Цветков повернулся к нему:
— А я знал, что скажешь. — Он с досадой дернул бечевку и едва удержался, чтобы не застонать. Мотор только фыркнул. Все-таки не выдержал Иван, подумал лейтенант. Отдал шкурки. Жаль. Хороший охотник, а придется привлекать. Вот она — выпивка, дорога уголовных преступлений. Нет, пора за алкашей браться основательно. — Говори, — строго сказал он мальчику.
— Толстый — худой человек, — быстро заговорил Андрюха. — Приезжал — пушнину просил. Спирт отцу давал. Отец не брал спирт. Толстый опять давал. Говорит: почему другие дают шкурки, ты не даешь? Вот — смотри: соболь, выдра, ондатра. Говорит: какой ты мужчина — ребенка слушаешь, женщину слушаешь, они в твоем доме командуют. Боишься! Бутылку опять давать стал. Мать взяла бутылку — толстого по спине бац! Бутылкой. Говорит: уезжайте! Толстый — худой человек, — закончил мальчик тем, с чего начал.
— Шкурки сам видел?
— Видел.
— И мать с отцом видели?
— Видели.
— У кого из охотников брали шкурки — говорил толстый?
— Нет… Толстый жадный, как шайтан! Как торговый купец! Народ обманывает, спиртом поит!
— Ты откуда про купцов знаешь, — невольно усмехнулся Цветков, поглаживая больное колено. — Ты ж через пятьдесят лет после них родился.
— Читал. В книге читал.
Сжав зубы, лейтенант дернул за бечевку. Мотор опять чихнул. Участковый повернулся к мальчику:
— Читал, говоришь? Плохо ты, брат, читал!
— Почему? Разве не так?
— Нет, брат. Не так. Толстый не народ обманывает, сил у него таких нету, чтобы народ обмануть. Это охотники, которые за спирт соболей отдают, совесть свою пропивают, сами себя обманывают. Государство им все условия создает. Разве оно бутылками с охотниками расплачивается? А? Ну, чего молчишь? Отвечай, когда спрашивают!
— Н-нет… не бутылками. Деньги дает. Патроны дает, ружья, лодки…
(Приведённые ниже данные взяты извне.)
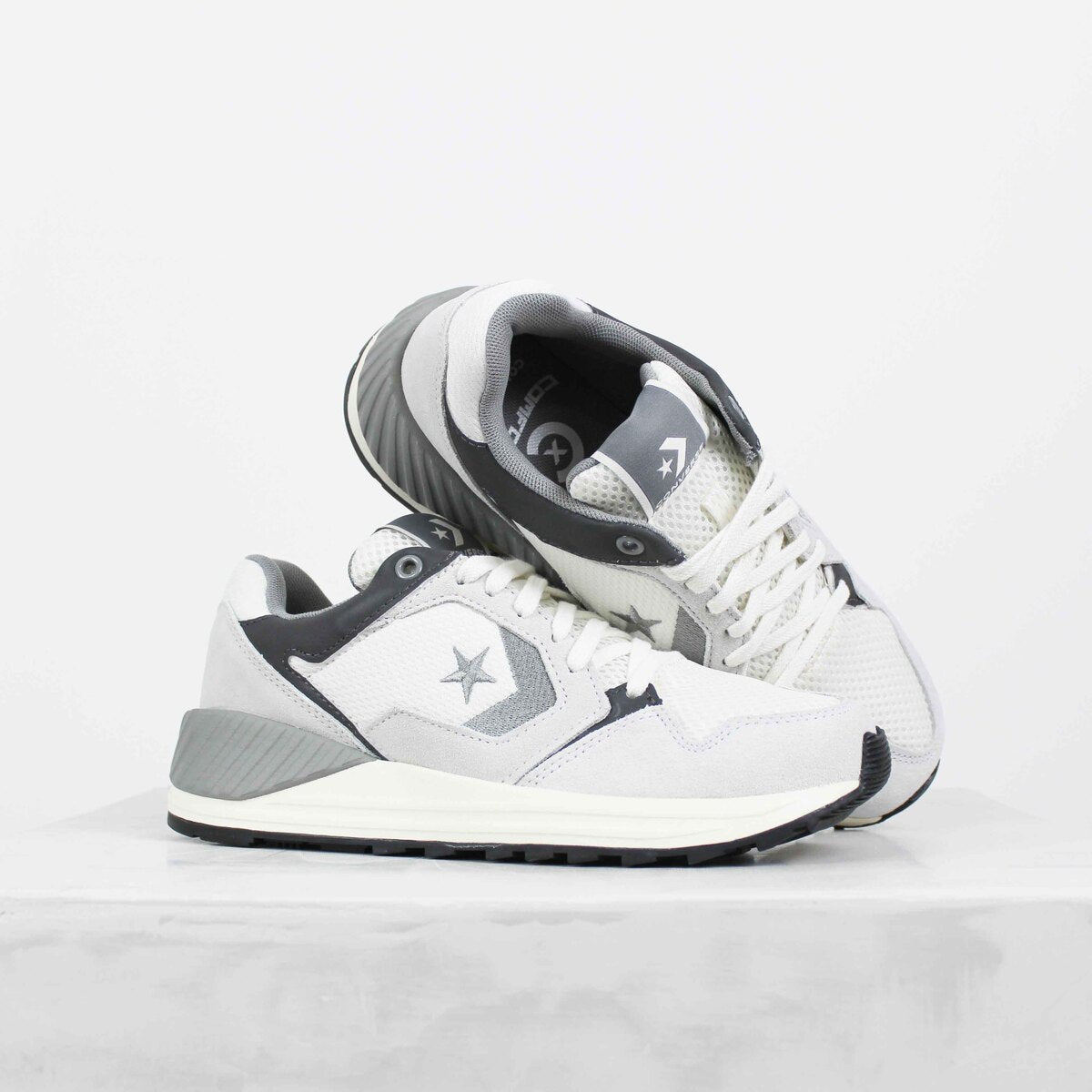 Tênis Converse Wave Trainer Vintage White Egret Classic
— Моторы, — продолжал Цветков, — снегоходы, премии, пенсии, ордена — все дает! Вот у твоего деда какой орден?
— Красного Знамени…
— Трудового Красного Знамени, — поправил Цветков. — Пенсию он получает?
— Получает…
— Сколько он получает?
— Не знаю…
— А надо знать! Сто четырнадцать рублей пятьдесят копеек! Столько хороший рабочий получает! И врач. И летчик такую пенсию получает! Вот ты — сопляк, пользы от тебя госпромхозу как от козла молока, а тебе управляющий уже ружье подарил! Раньше, кроме как к купцу, охотнику пойти было некуда. А сейчас что, не знает разве каждый охотник, куда ему пойти сдать соболя, чтобы его не обманули? Ну?
— В госпромхоз…
— Но некоторым ничего этого не надо, кроме бутылки спирта. Да на то пошло: соболя он сдаст — что он спирту, что ли, себе не купит, если уж так охота ему нажраться!.. Э-э, плохо ты, Андрюха, читаешь, шибко плохо. Вот сразу видно, что в школу-то не любишь ходить. Так неучем и сам потом будешь соболей на спирт менять! Имя свое честное пропивать! Дурак ты дураком, Андрюха.
— Нет! — крикнул мальчик. — Я не буду! Я буду гнать толстого!
— Да что ты заладил: толстый да толстый! Если хочешь знать, так толстый меньше всех и виноват. Ему меньше всех и будет. Если мехами не спекулировал да скупал в первый раз, так просто шкурки отберут и штрафу дадут. А охотники — воры! У государства воруют! у собственного своего народа, у самих себя! Им за это тюрьма полагается, понял?
— Понял, — тихо ответил мальчик. — Отец не давал шкурки. Ты веришь?
— Мать была рядом, так верю. Мать у тебя золото, ты об ней заботу проявляй… Ладно, заболтались мы с тобой. Почаще в школу надо ходить. Вот Станислав Павлович правильно вас зажал — не распускает, так вы сбегаете. Думаешь, охотником будешь, так тебе и трех классов хватит? Трех классов, Андрюха, не хватит. А в милицию ты даже и не мылься с такими знаниями.
— Я в четвертом…
— В четвертом…
Со следующим рывком мотор чихнул, коротко выбросил грязно-голубую стрелу газа. Лейтенант, торопясь, намотал бечевку и снова дернул.